Not significant. So we are seeing good pressure support from the aquifer. Having said that, we are in the stages of planning for water injection, so I think the operator and us believe we believe ought to be conservative there and make sure that we have adequate injection support . Equatorial Guinea, we continue to drill additional wells there. We’ve got a number of years left of kind of plateau production in Equatorial Guinea.
Your next question comes from Paul Sankey - Deutsche Bank. Paul Sankey - Deutsche Bank: I appreciate a lot has changed here, but in many respects that’s the reason for the question. If we roll all the way back to the 2006 analyst meeting, the last analyst meeting, you talked about I believe 3% to 5% volume growth and 5% to 8% reserves growth. Obviously, there’s been a huge change here in regards particularly to the Bakken. We’ve also got a situation where you’ve talked about ‘09 as being a very strong year, well above that target for production growth. Not so much next year on the volume growth side. Can you just give me some idea of how you’re thinking about the parameters of reserves growth going forward relative to the game changer in the Bakken and the higher CapEx that you have this year? The 9.5 year reserves life and the aspiration I believe was to get that to above 10, and any other sort of new parameters that we can think about at a corporate long term level relative to that previous target? Thanks.
When we had the analyst meeting, we were definitely in the investment mode to grow our reserves. With the ultimate objective of getting to a reserve production life of 10, which we reached last year and we’re close to it in terms of where we were at the year end. Our targets going forward as you are well aware over the last year or so have evolved to where on a sustainable basis to optimize financial returns to set a 3% growth target per year for reserves and a 3% production target as well on an annual basis. That is really to be looked at because the E&P business being so capital intensive and lumpy in the timing of developments. It’s over the longer term, year-in, year-out, like last year we were over 7%, now it’s a 3%, 2010 closer to flat on production, but our long term targets, meaning a five year rolling average. We still aspire to and certainly feel that we have captured the opportunities in our portfolio of exploration and developments and production investments to deliver a 3% a year reserve growth and 3% a year production growth. So those are the targets going forward. You can’t judge us on a one year basis. You have to do it over the long term, because this is a long term business and we feel very good between our Bakken program, our exploration projects that we have in queue, the Pony project going forward, that we’re pretty much on trend to meet those objectives. Paul Sankey - Deutsche Bank: If I could just ask a follow-up on FD&A, you mentioned $20 a barrel for the year, again allowing for the lumpiness. What do you think the outlook for that is? Can you bring that number down back towards the average that you talked about over five years of $16 a barrel?
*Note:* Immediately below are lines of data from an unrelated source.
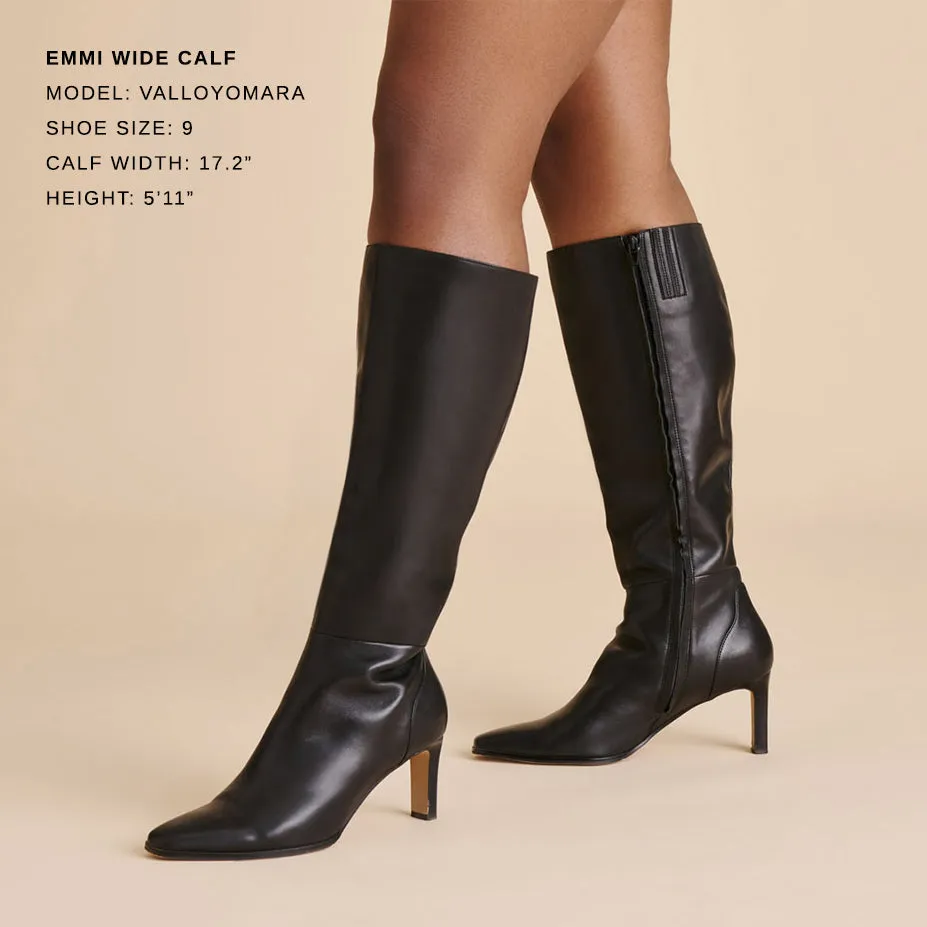 Brown Oxford Boots EMMI WIDE CALF BOOTS BLACK LEATHER
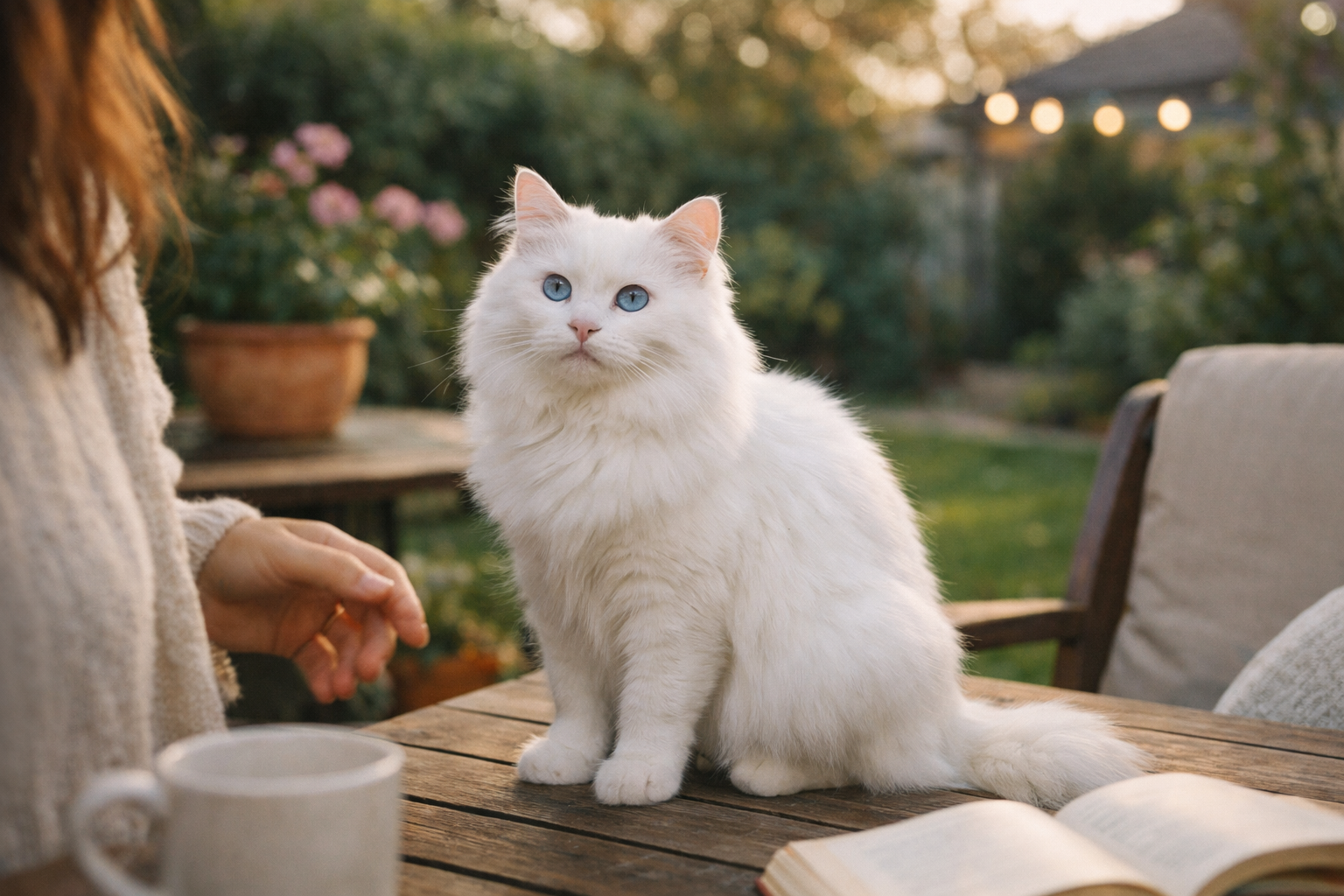 Gatto sereno in un giardino curato dopo aver mangiato Hill's Prescription Diet c/d Multicare Stress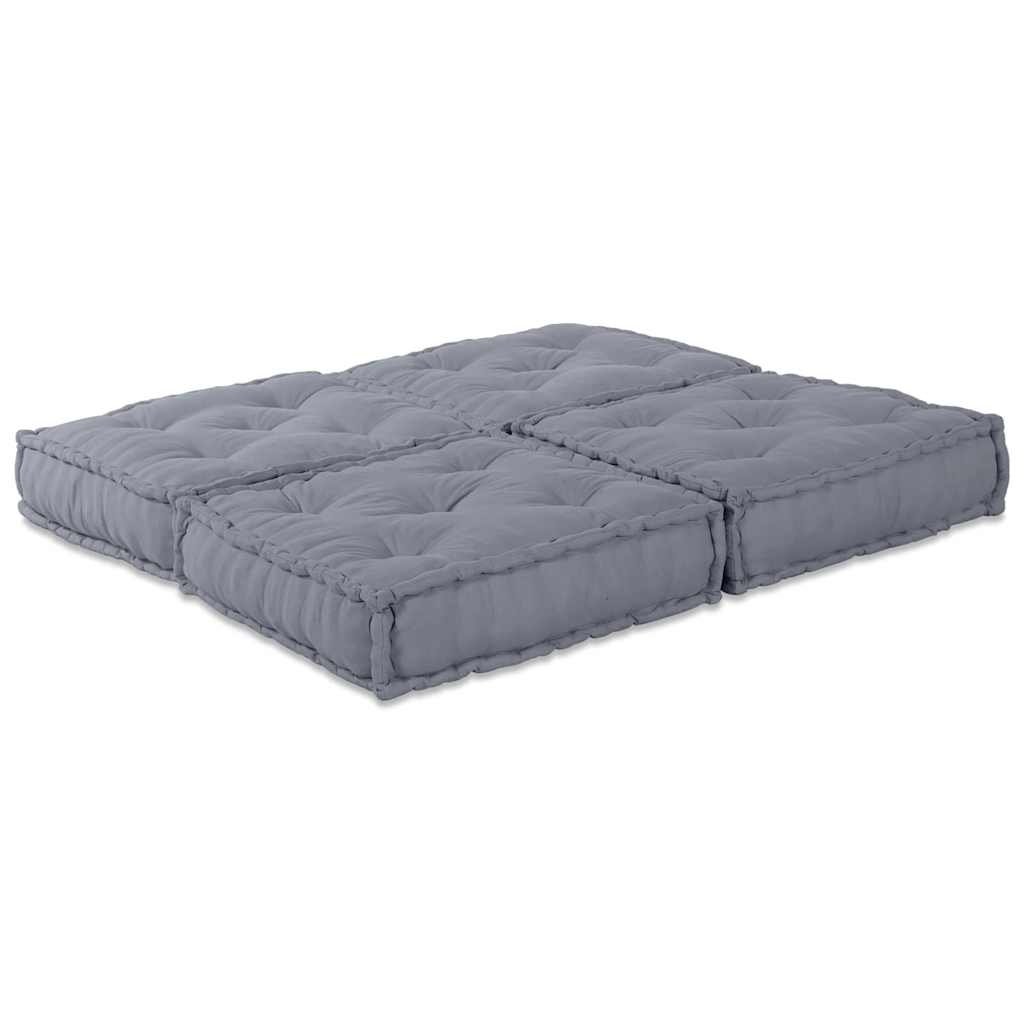 2-seters modul puff soffa konvertibel grått stoff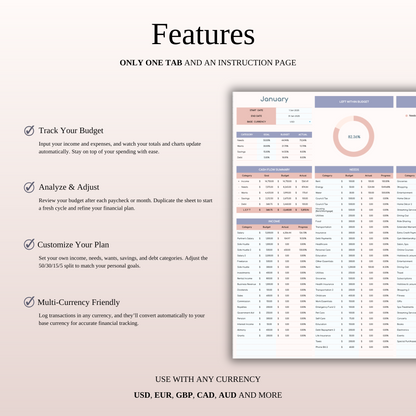 50/30/15/5 Budget Spreadsheet Template | Excel & Google Sheets Keyzai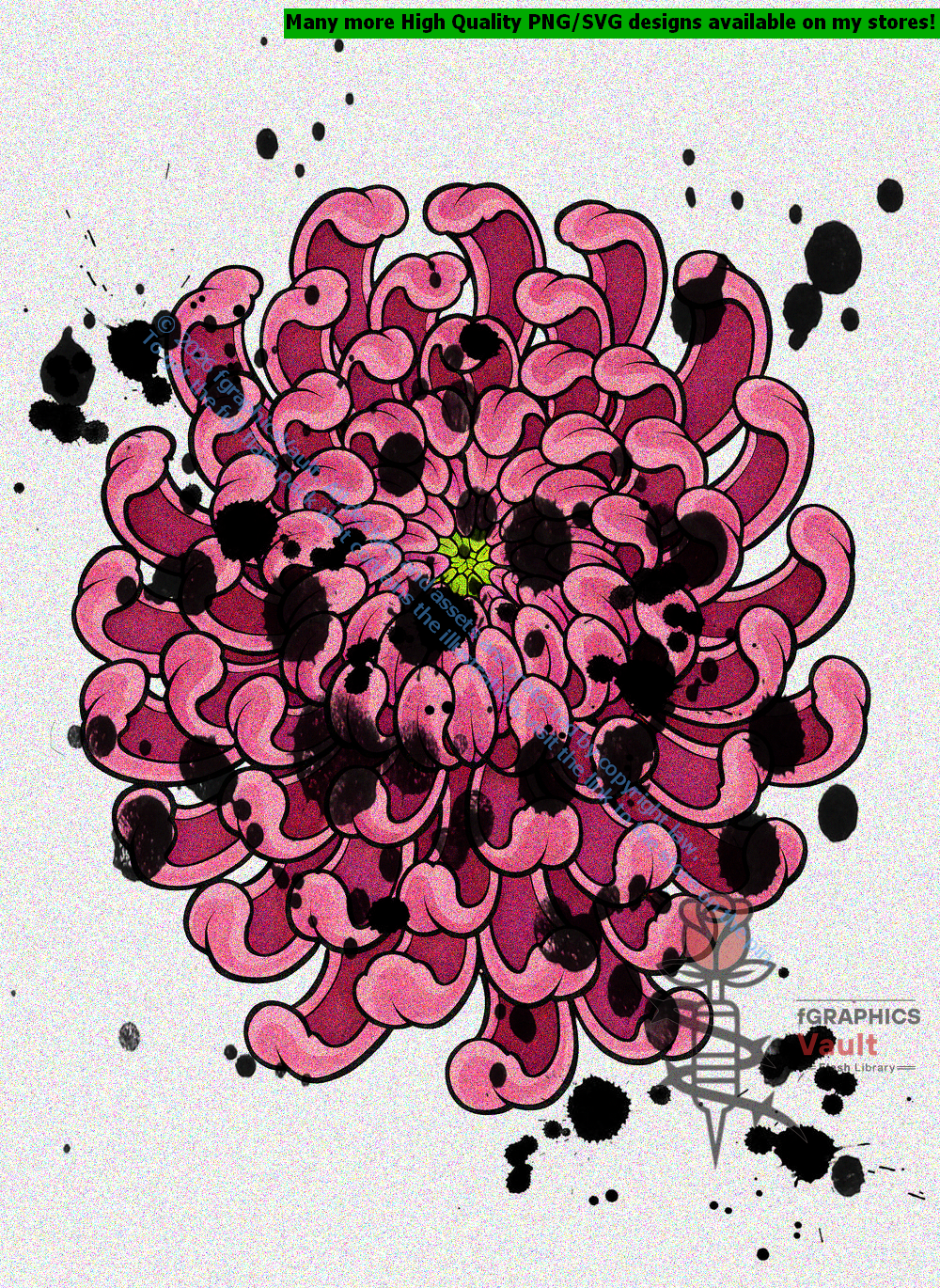 Collection of Japanese Kiku chrysanthemum tattoo flash designs featuring traditional irezumi floral artwork, detailed flower motifs, and tattoo reference illustrations.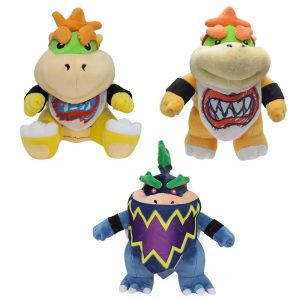 Duas pelúcias do Bowser Jr de Super Mario e um dragão azul com detalhes roxos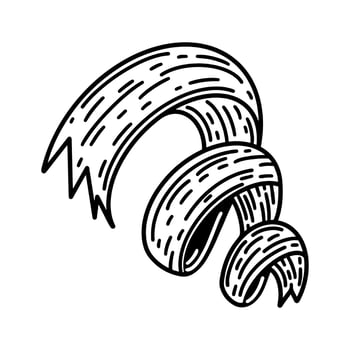 Shaving vector icon. Hand drawn illustration isolated on white background. Spiral peel from woodcarving, carpentry. Natural wood chips, biofuel. Monochrome sketch of sawdust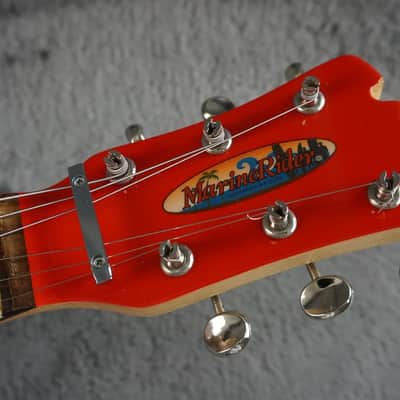 Marine Rider Travel Electric Guitar w/ Built-In Speaker – Compact Practice Guitar – Red image 8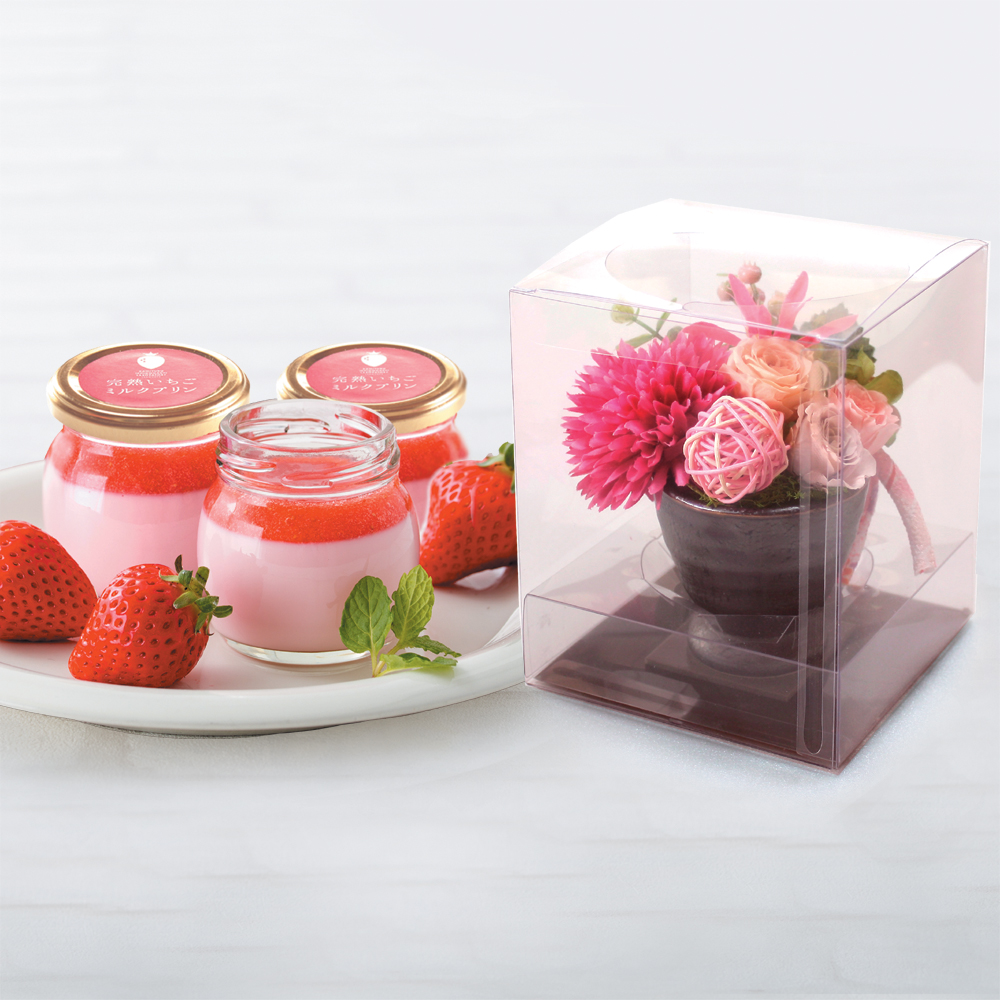 母の日,ギフト,いちごプリン,花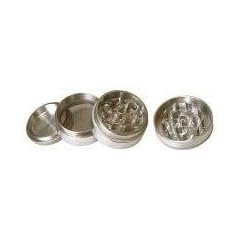 40mm Alu Grinder / Pollinator 4-Teilig mit Sieb aus CNC- gefr�sten Aerospace-Aluminium Die Shark-Teeth zermahlen alles !! Siebgrinder , Polinator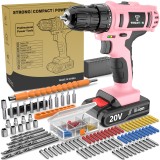 20V Cordless Drill Set 30|88|136|148pcs Electric Drill ToolBox Set | Cordless Rechargeable Electric Drill Tool Set, Equipped 1 Or 2 Battery, Hand Tools, Pliers, Bits Set, Suitable Construction, Industry & Home Decoration, Men's Gift, The Best Gift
That’s obviously very difficult to forecast. Again, with the lumpiness that we have, so I mean Greg had mentioned we have the Pony sanction that will be coming up in 2011. Bakken will be more of a consistent provider, but again, with the way exploration projects and things like that come on stream, it’s very difficult to forecast and where is industry cost going to go? Where are commodity costs going to go? So it’s difficult. I mean we’re very focused on being as efficient as possible to drive that cost down as low as we can. Paul Sankey - Deutsche Bank: I guess the Bakken, obviously is bringing the cost down overtime and I guess you’re also seeing that it’s going to be able to continue this sort of the reserves add performance that you’ve seen in ‘09.
I think that’s a fair assumption. So the Bakken will bring it down and I think you’ll see very similar kind of reserves adds year-on-year. Obviously, the pace is going to go up, so with that will come more reserve adds. Paul Sankey - Deutsche Bank: Then just a very specific one for me, the swap with Shell, was that a reserves? Was there a net reserves impact from that?
Yes, there will be. There will be a positive upward revision to our account of over 100 million barrels this year. Shell In ‘10, obviously?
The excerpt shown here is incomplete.